UniLive: Die strenge Jusprofessorin ist ja der natürliche Feind des Studenten. Wie wollen Sie sich als Ministerin von diesem Image lösen?

Beatrix Karl: Ich habe als Professorin immer ein gutes Verhältnis zu den Studierenden gehabt. Mir haben sogar viele Studierende zu meinem neuen Job gratuliert.

Boulevardmedien schreiben Ihnen optische Ähnlichkeit mit dem deutschen Model Claudia Schiffer zu. Gefällt Ihnen dieser Vergleich besser?

Karl: Es stört mich nicht. Das ist journalistische Freiheit.

Zu den Protesten: Sie selbst haben in den 80er-Jahren studiert. Mussten Sie da in Vorlesungen auch auf dem Boden sitzen?

Karl: Es gab auch damals schon volle Hörsäle, vor allem im ersten Studienabschnitt. Die haben sich aber rasch gelichtet, weil es bereits damals eine gefürchtete Knock-out-Prüfung gab, bei der ordentlich ausgesiebt wurde. Diese Prüfungen sind also nichts Neues, sie sollen aber in Zukunft vermieden werden, zum Beispiel durch eine noch transparentere Studieneingangsphase.


Sie kennen das System Uni von innen. Da verwundert es, dass Sie in einer Partei sind, die während der Proteste einen harten Kurs gegen Studierende eingeschlagen hat.

Karl: Ich verstehe, dass Studierende protestieren, wenn sie zum Beispiel in Seminare nicht hineinkommen. Demonstrationen sind legitim. Was mich gestört hat, war die Hörsaalbesetzung. Weil damit wurden andere, die studieren wollten, behindert. Das geht zu weit.

Hätten Sie als Studentin nicht auch Hörsäle besetzt, wenn die Bedingungen so schlecht gewesen wären wie heute?

Karl: Es gab damals schon Massenstudien. Ich habe mein Studium dennoch zügig abgeschlossen.

Sie entsprechen also dem Klischee des angepassten Jusstudenten.

Karl (lacht): Das kann stimmen.
Haben Sie je Marihuana geraucht? Karl (lacht): Nein. Wie gesagt, die großen Revolutionäre sind wir Juristen wahrscheinlich nicht.

Es muss ja nicht gleich eine Revolution sein. Man hat aber das Gefühl, im ÖVP-Wissenschaftsministerium gelten Studenten nur noch als notwendiges Übel.

Karl: Die Studierenden sind unser Zukunftspotenzial. Es ist ja nicht so, dass die ÖVP gegen die Studierenden aufgetreten ist.

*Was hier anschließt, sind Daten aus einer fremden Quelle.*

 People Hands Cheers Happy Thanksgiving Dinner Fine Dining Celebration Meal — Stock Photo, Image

Dass die Polizei das Audimax räumen soll, hat die ÖVP gefordert.

Karl: Ich persönlich wünsche mir keine Polizei an der Uni. Man hätte vieles auch mit Gesprächen lösen können.

Alle reden vom beschränkten Zugang. Was sollen jene machen, die keinen Platz mehr bekommen?

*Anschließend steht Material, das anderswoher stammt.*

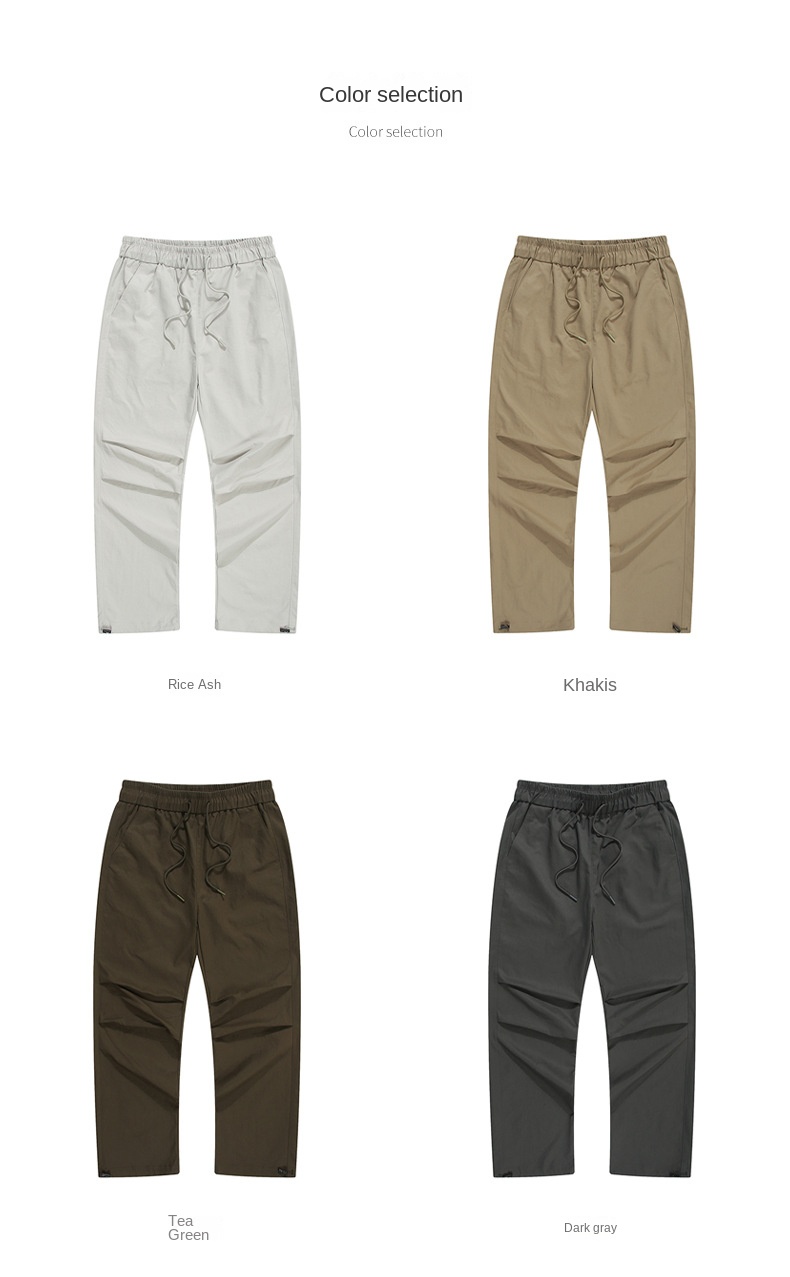 Men's Washed Drape American Outdoor Climbing Pants with Drawstring and Ankle-Tied Casual Pants, Trendy Brand Hong Kong Style 2024 Spring and Autumn Cool Jacket for Men, High Street Japanese Harajuku Style Korean Fashion Loose Jacket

Karl: Es sind nicht alle Fächer überlaufen. Es gibt Bereiche, in denen mehr Studierende herzlich willkommen sind. Etwa in den technischen und naturwissenschaftlichen Studienrichtungen.s

Können Sie einem Studenten erklären, warum er für die Wiedereinführung von Studiengebühren sein soll, wenn er dadurch keine Qualitätssteigerung im Studium erlebt?

Karl: Die Qualität muss sich verbessern, die Unis bekämen das Geld ja zusätzlich zum bisherigen Budget.s

Das war aber bisher nicht so.

Karl: Natürlich kann ich mit 363 Euro nicht das ganze System reformieren. Es hat sich aber gezeigt, dass die Beiträge einen sehr positiven Lenkungseffekt haben. Die Drop-outs sind gesunken. Und der Druck auf die Studierenden, schnell fertig zu werden, ist gestiegen.

„Druck“ auf die Studierenden auszuüben, finden Sie also positiv.

Karl: Ich sehe das in erster Linie als positiven Druck. Es ist gut, wenn man rasch fertig wird. Wer länger studieren will, der muss eben zahlen. 363 Euro pro Semester sind kein hoher Betrag. Vor allem, wenn er durch Beihilfen und Stipendien abgefedert wird. Derzeit sind Studienbeiträge aber kein Thema.

Auf einen Blick

■ Die Jusprofessorin Beatrix Karl (ÖVP) ist seit 26. Jänner neue Wissenschaftsministerin. Zuvor war die 42-jährige Steirerin Wissenschaftssprecherin im Parlament, Generalsekretärin des ÖAAB und lehrte am Institut für Arbeits- und Sozialrecht der Universität Graz.